By Friday's close, the Shanghai Composite Index finished at 3,834.89, down 2.45 percent, while the Shenzhen Component Index closed at 12,538.07, down 3.41 percent. The ChiNext Index, which tracks China's Nasdaq-style growth enterprises, closed at 2,920.08, down 4.02 percent.

Despite corrections in individual stocks, several sectors still displayed notable activity, including AI and digital-related sectors, online gaming, banking, and industries related to the Hainan Free Trade Port.

Analysts at the China International Capital Corporation believe the upward, though volatile, trend in A-shares that began on Sept 24, 2024, will likely continue. However, following valuation recovery, fundamentals will become increasingly important. CICC forecasts that full-market earnings growth could reach 4.7 percent in 2026, with more industries experiencing both high prosperity and turning points in performance.

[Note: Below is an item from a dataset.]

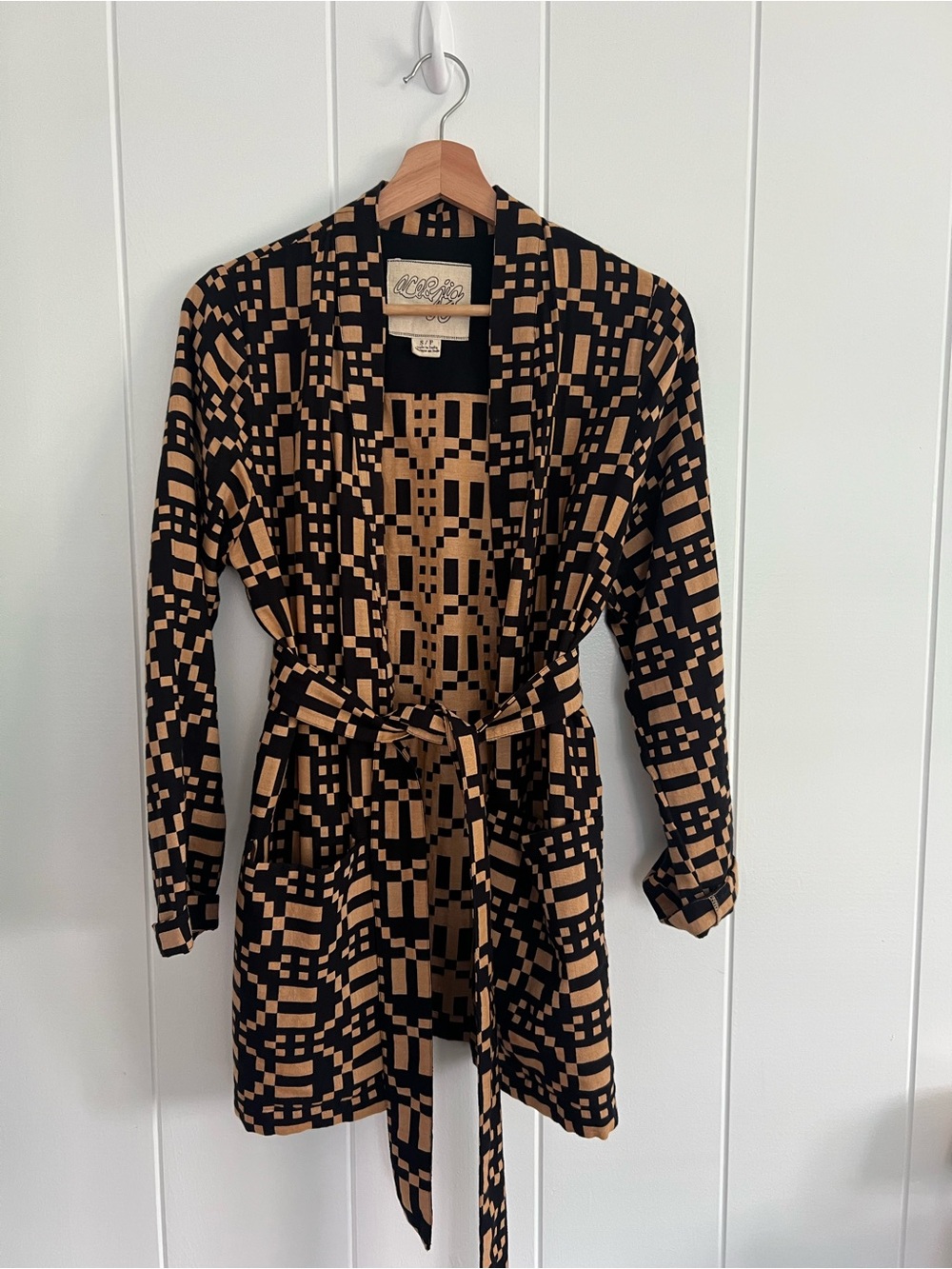 Ace and Jig belted cardigan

In its 2026 outlook, CITIC Securities said that China's A-share market is heading toward a "low-volatility slow bull market", with "global exposure" becoming a core factor in market assessments. According to the report, companies with high overseas exposure contributed 39 percent of profits and 35 percent of market capitalization within the non-financial A-share universe — enough to influence overall market trends. Over the 15th Five-Year Plan period (2026-30), Chinese enterprises are expected to gain greater pricing power within global value chains, laying the foundation for this slow bull market.

Zhang Gang, an analyst at Central China Securities, noted that the average price-to-earnings ratios for the Shanghai Composite Index and ChiNext Index currently stand at 16.14 and 47.93 times, respectively — above their median levels over the past three years — making the current period favorable for medium- to long-term positioning.

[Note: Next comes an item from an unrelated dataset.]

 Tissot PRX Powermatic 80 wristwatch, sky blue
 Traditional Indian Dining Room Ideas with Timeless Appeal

October financial data shows that households are continuing to shift their assets toward financial products, providing incremental capital to the market. In the short term, the market is expected to remain in a stable but fluctuating pattern, said Zhang.

Another Central China Securities analyst, Xu Zhi, said in a report that looking ahead to 2026, as valuation reversion gains momentum, the value-oriented style in the A-share market is expected to gradually strengthen. Meanwhile, risk-averse capital, particularly from insurance and bond funds, is gradually shifting toward "fixed income plus" and multi-asset strategies. High-dividend assets and undervalued value stocks are expected to attract key incremental capital.